# Reverse ELBO

24 Jul 2019It is well known that for a latent variable model
\begin{equation}
\label{model}
p_\theta(x) = \int p_\theta(x|z)p_\theta(z) dz,
\end{equation}
posterior $p_\theta(z|x)$ admits a *variational representation*
\begin{equation}
\newcommand{\E}{\mathrm{E}}
\newcommand{\KL}{\mathrm{KL}}
\newcommand{\ELBO}{\mathrm{ELBO}}
\newcommand{\OLEB}{\mathrm{OLEB}}
p_\theta(z|x) = \arg \max_{q(z|x)}
\left\{ \E_{q(z|x)}[p_\theta(x|z)] - \KL[q(z|x) \| p_\theta(z)] \right\}
\end{equation}
where the term in braces is the $\ELBO_\theta[q|x]$.
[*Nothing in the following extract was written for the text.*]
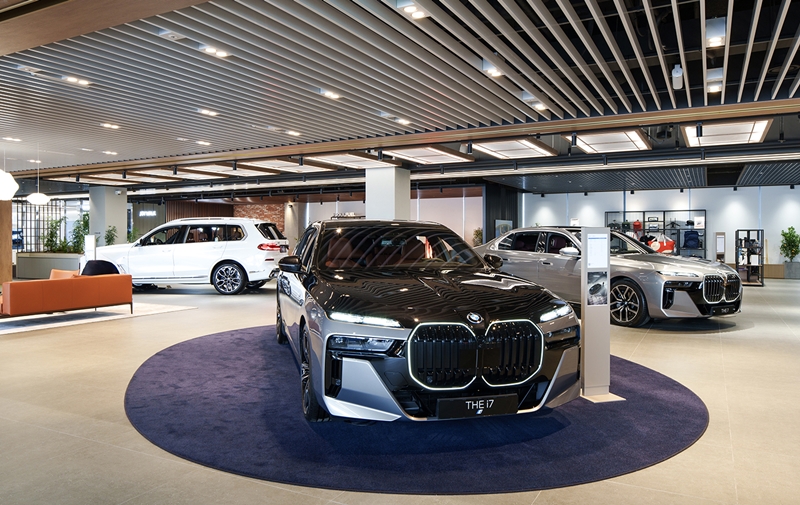 BMW 드라이빙 센터. 미니 전시 존. BMW 럭셔리 클래스 라운지. / BMW 그룹 코리아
Moreover, at maximum, the ELBO yields the log-likelihood,
\begin{equation}
\label{log-lik}
\log p_\theta(x) = \max_{q} \, \ELBO_\theta[q|x].
\end{equation}
Thanks to \eqref{log-lik}, maximization of the ELBO
is equivalent to maximization of the log-likelihood $\log p_\theta(x)$.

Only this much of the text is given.